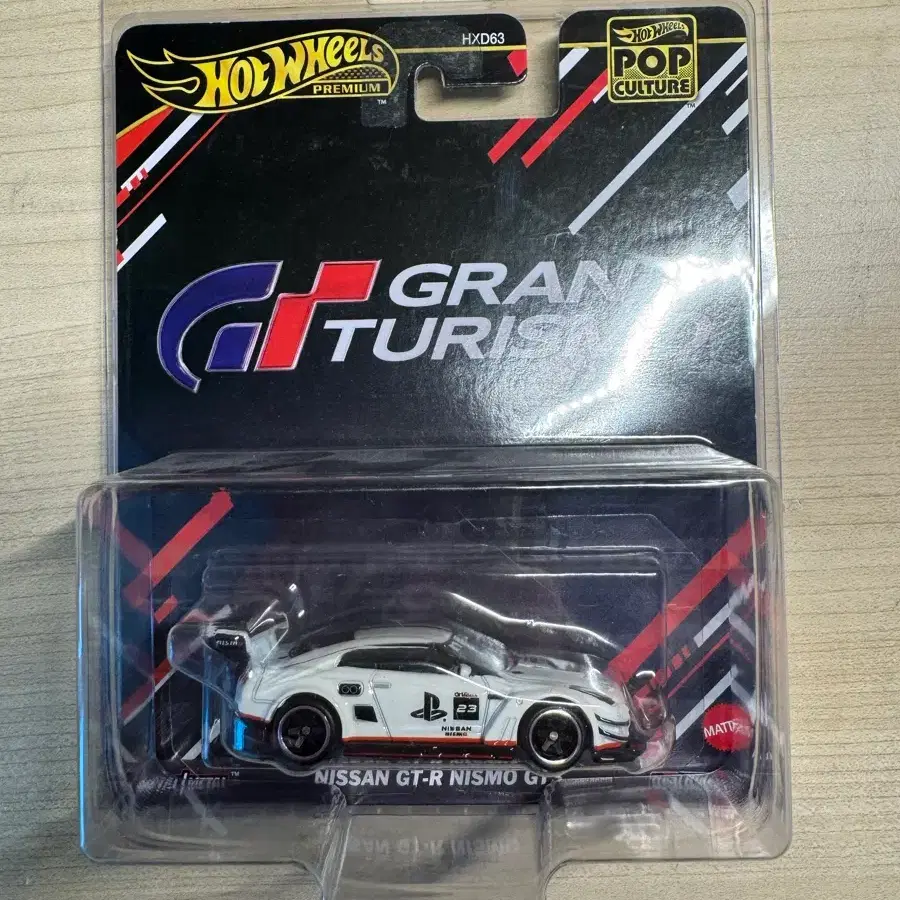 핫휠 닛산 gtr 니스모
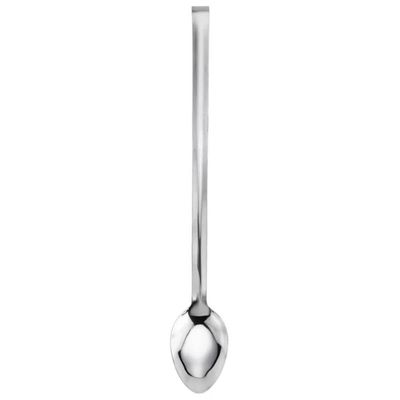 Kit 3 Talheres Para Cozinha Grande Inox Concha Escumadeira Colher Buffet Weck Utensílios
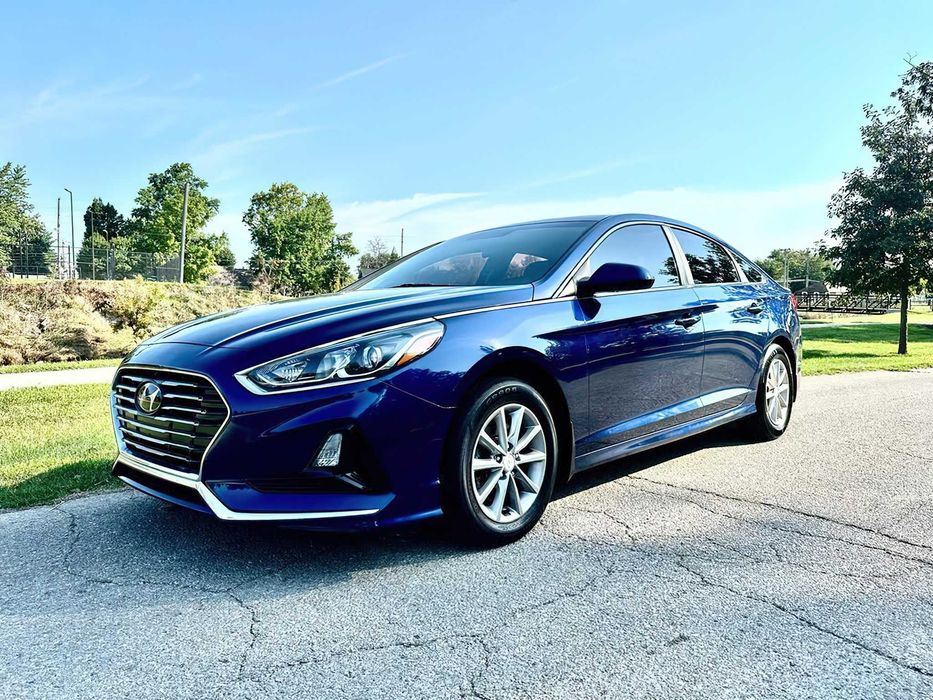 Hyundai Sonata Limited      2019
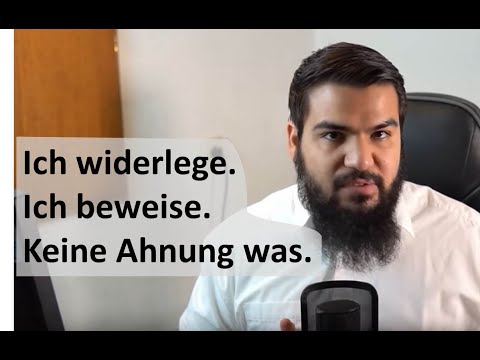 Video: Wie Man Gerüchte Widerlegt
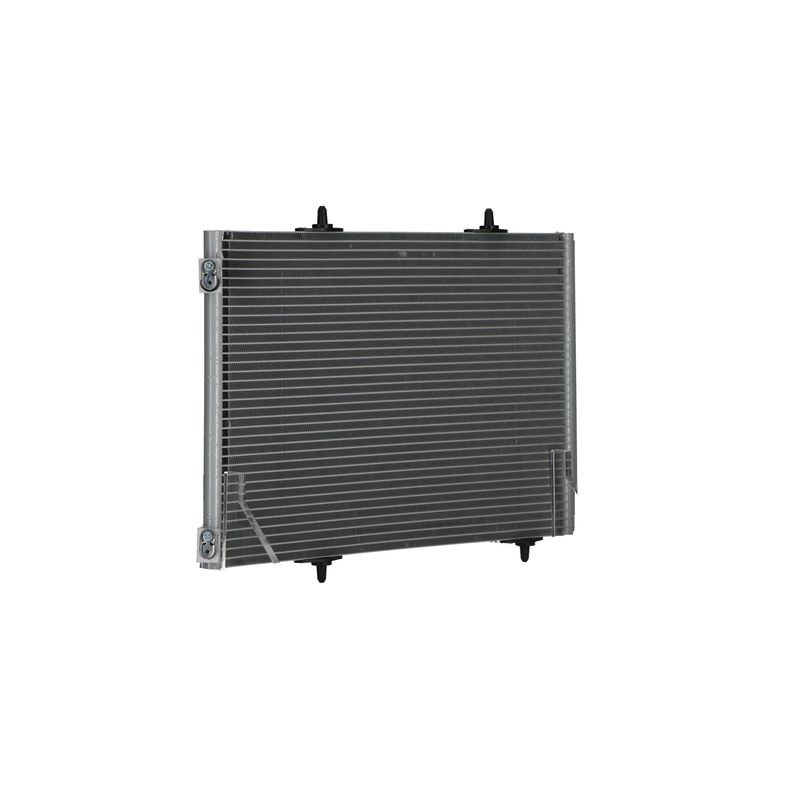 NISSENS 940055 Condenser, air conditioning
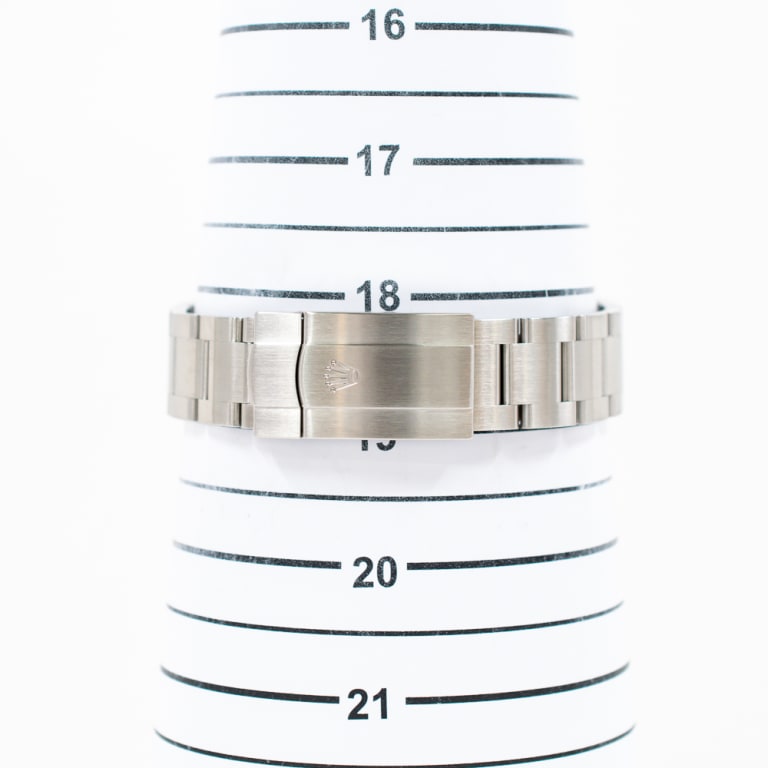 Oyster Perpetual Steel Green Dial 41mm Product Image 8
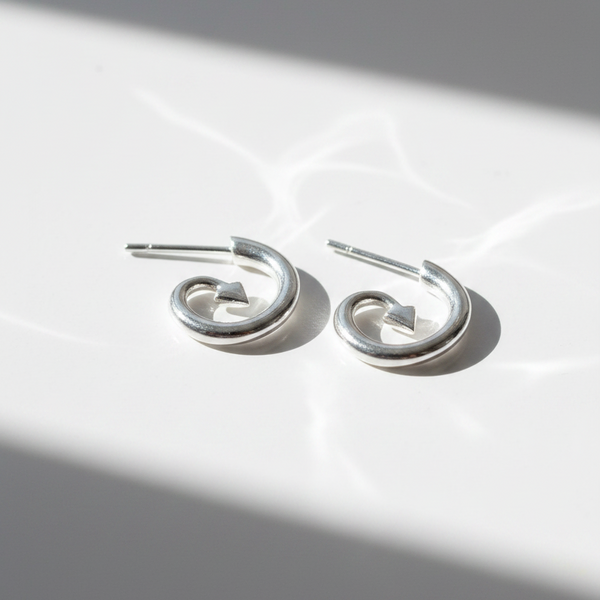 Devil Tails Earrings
....
→ **What the task asks**
Reproduce exactly and only the lines from the one with "NISSENS 940055 Condenser, air conditioning" through the last entry, both included, excluding every picture.

→ **Result for this exercise**
 NISSENS 940055 Condenser, air conditioning
 Oyster Perpetual Steel Green Dial 41mm Product Image 8
 Devil Tails Earrings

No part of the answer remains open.